CASE DIGEST: GSIS v. Besitan

G.R. No. 178901: November 23, 2011

GOVERNMENT SERVICE INSURANCE SYSTEM, Petitioner, v. MANUEL P. BESITAN, Respondent.

DEL CASTILLO, J.:


FACTS:

Petitioner GSIS is a social insurance institution charged with the management and administration of the trust fund of the Employees Compensation Commission (ECC) for government officials and employees.

Respondent Besitan was employed by the Central Bank of the Philippines on January 21, 1976 as a Bank Examiner. Subsequently, he was promoted as Bank Officer II and eventually as Bank Officer III.

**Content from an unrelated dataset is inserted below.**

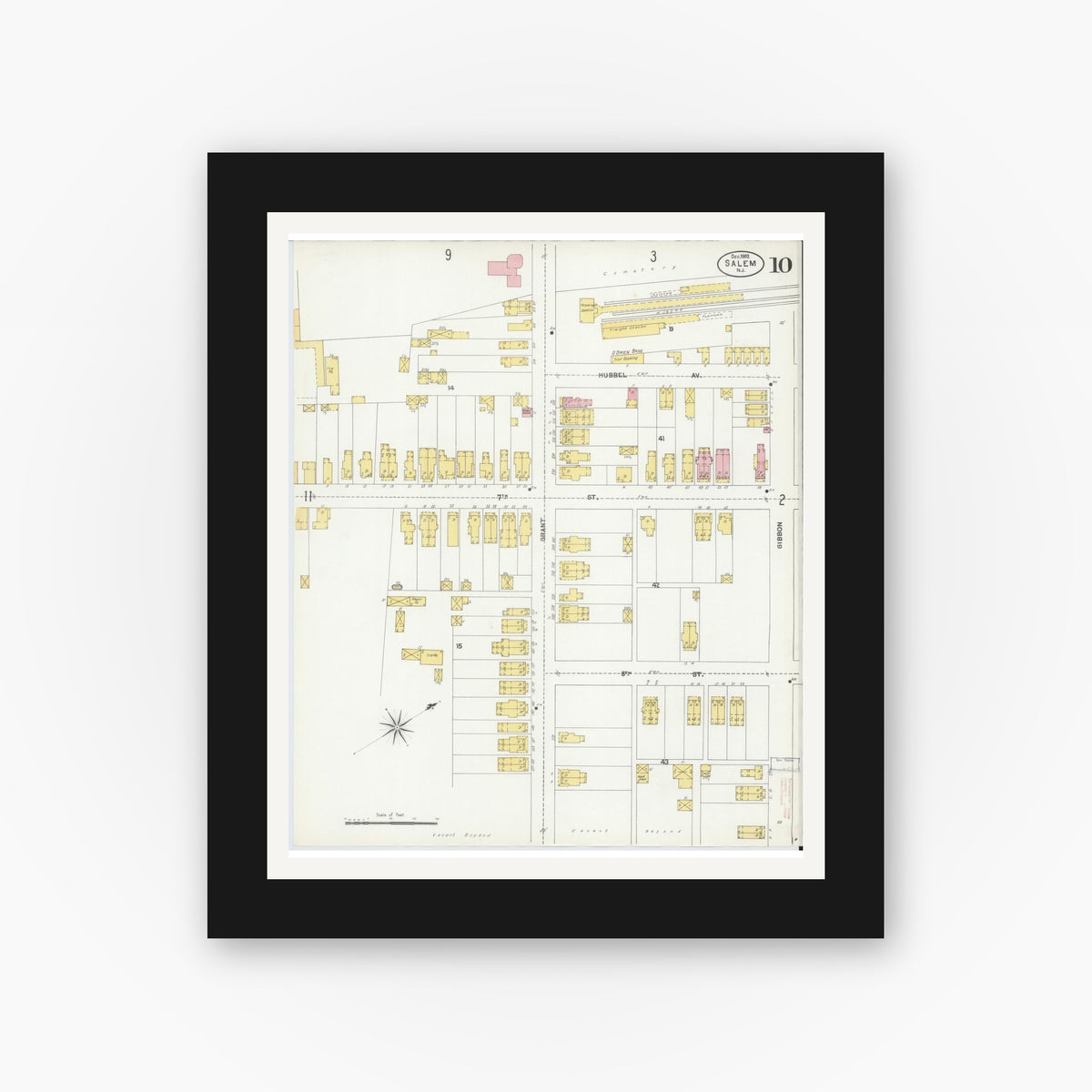 Old map wall art mockup — black gallery frame with white mat — Sanborn Fire Insurance Map from Salem, Salem County, New Jersey (1902), Sheet #0010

In October 2005, Besitan was diagnosed with End Stage Renal Disease secondary to Chronic Glomerulonephritis and thus, had to undergo a kidney transplant at the National Kidney and Transplant Institute (NKTI), for which he incurred medical expenses amounting to P817,455.40.

Believing that his working condition increased his risk of contracting the disease, Besitan filed with the GSIS a claim for compensation benefits under Presidential Decree (PD) No. 626, as amended. The GSIS, however, denied the claim. The GSIS Decision was affirmed by the Employees Compensation Commission but reversed by the Court of Appeals.

GSIS contends that Besitans ailment is not an occupational disease; hence, it is incumbent upon him to prove that the risk of contracting the said disease was increased by his employment and working condition. And since he failed to show that there is a causal relationship between his employment and his ailment, he cannot claim compensation benefits under PD No. 626, as amended.

Besitan admits that his ailment is not listed as an occupational disease under PD No. 626, as amended. He, however, insists that he was able to prove by substantial evidence that the risk of contracting the disease was increased by his working condition. He maintains that in claiming compensation benefits, certainty is not required, only probability. He points out that he was in good health when he was employed by the Bangko Sentral ng Pilipinas in 1976 and that it was only in 2004 that he contracted his kidney ailment.

ISSUE:

I. Whether Besitan is entitled to compensation benefits under PD No. 626, as amended


HELD:

Section 1, Rule III of the Amended Rules on Employees Compensation provides that for the sickness or resulting disability or death to be compensable, the claimant must prove either (1) that the employee's sickness was the result of an occupational disease listed under Annex "A" of the Amended Rules on Employees Compensation, or (2) that the risk of contracting the disease was increased by his working conditions.


Under the increased risk theory, there must be a reasonable proof that the employees working condition increased his risk of contracting the disease, or that there is a connection between his work and the cause of the disease. Only a reasonable proof of work-connection, not direct causal relation, however, is required to establish compensability of a non-occupational disease. Probability, and not certainty, is the yardstick in compensation proceedings; thus, any doubt should be interpreted in favor of the employees for whom social legislations, like PD No. 626, were enacted.

Moreover, direct and clear evidence, is not necessary to prove a claim. Strict rules of evidence do not apply as PD No. 626 only requires substantial evidence or "such relevant evidence as a reasonable mind might accept as adequate to support a conclusion."

In this case, since Besitans ailment, End Stage Renal Disease secondary to Chronic Glomerulonephritis is not among those listed under Annex "A," of the Amended Rules on Employees Compensation, he needs to show by substantial evidence that his risk of contracting the disease was increased by his working condition.

After a careful study of the instant case, we find that Besitan has sufficiently proved that his working condition increased his risk of contracting Glomerulonephritis, which according to GSIS may be caused by bacterial, viral, and parasitic infection (i.e. Typhoid fever, Syphilis, Leptospirosis, Toxoplasmosis, Varicella, Mumps, Measles, Schistosomiasis, Hepatitis B and C infection, etc.).